▸ **Data shown**
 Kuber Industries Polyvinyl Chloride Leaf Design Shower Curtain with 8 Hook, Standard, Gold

...

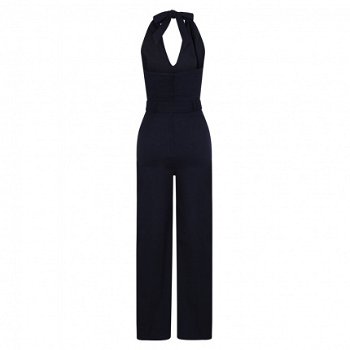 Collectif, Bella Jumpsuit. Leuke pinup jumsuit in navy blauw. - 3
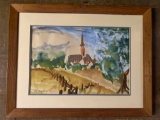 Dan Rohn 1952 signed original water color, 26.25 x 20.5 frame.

▸ **Exercise prompt**
Look above for the line with "Collectif, Bella Jumpsuit."; quote it and every line after it, stopping after the line with "Dan Rohn 1952", exactly, with nothing added and without pictures.

▸ **Task answer**
 Collectif, Bella Jumpsuit. Leuke pinup jumsuit in navy blauw. - 3
 Dan Rohn 1952 signed original water color, 26.25 x 20.5 frame.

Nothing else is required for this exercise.